### Input data ###

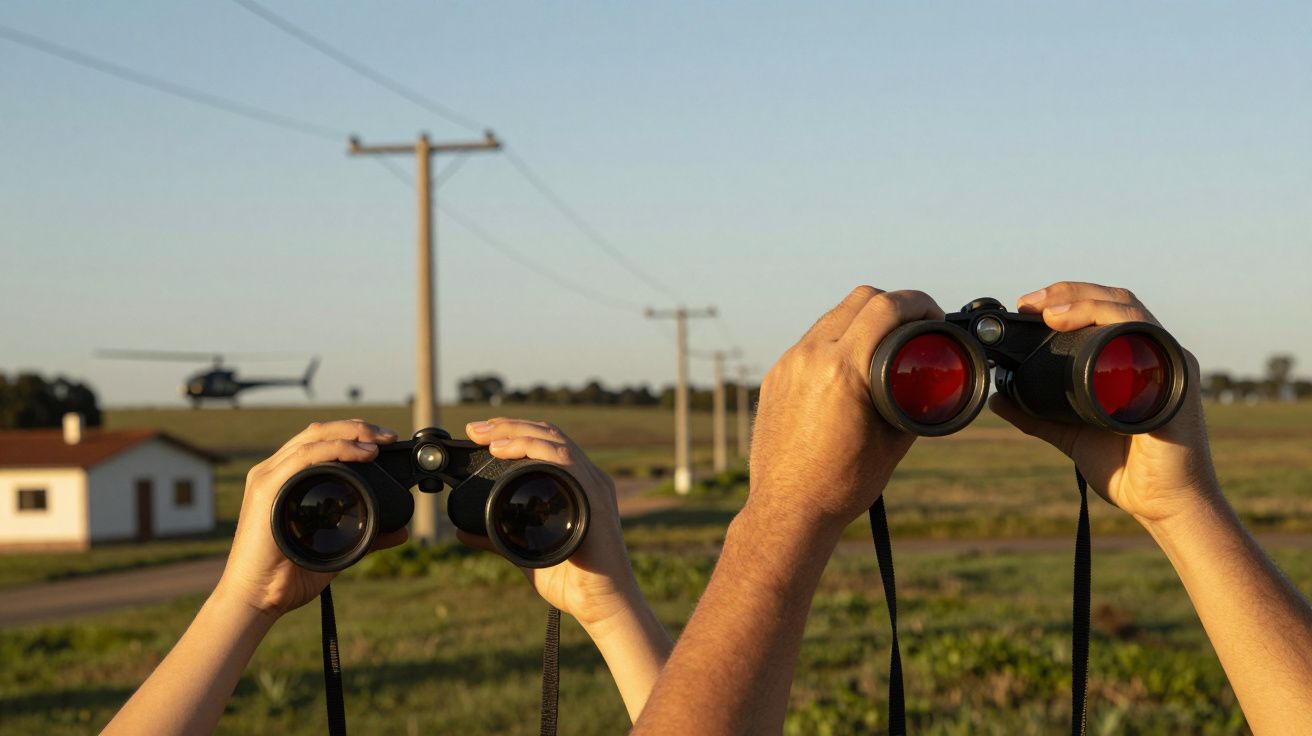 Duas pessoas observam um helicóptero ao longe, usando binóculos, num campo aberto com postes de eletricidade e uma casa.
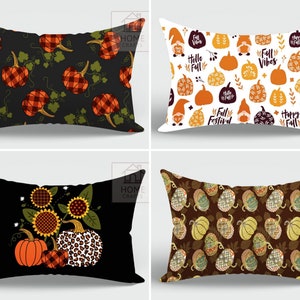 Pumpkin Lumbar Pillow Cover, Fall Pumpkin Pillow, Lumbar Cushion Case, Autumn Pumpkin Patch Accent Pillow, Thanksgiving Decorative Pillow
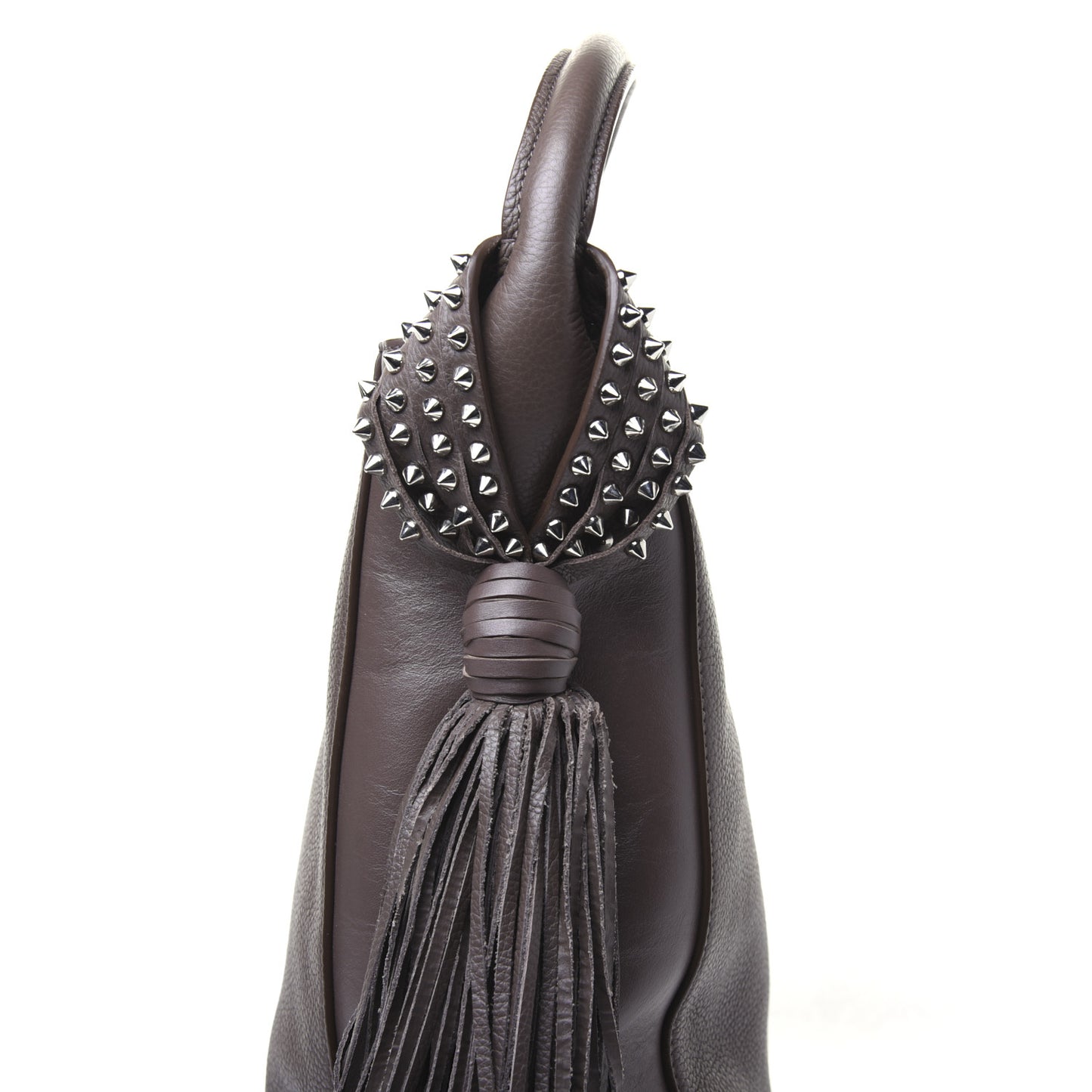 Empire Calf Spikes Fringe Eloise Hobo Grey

###

- **Description of the task**
Exactly as written, restate all of the data, leaving out the images.

- **Response**
 Duas pessoas observam um helicóptero ao longe, usando binóculos, num campo aberto com postes de eletricidade e uma casa.
 Pumpkin Lumbar Pillow Cover, Fall Pumpkin Pillow, Lumbar Cushion Case, Autumn Pumpkin Patch Accent Pillow, Thanksgiving Decorative Pillow
 Empire Calf Spikes Fringe Eloise Hobo Grey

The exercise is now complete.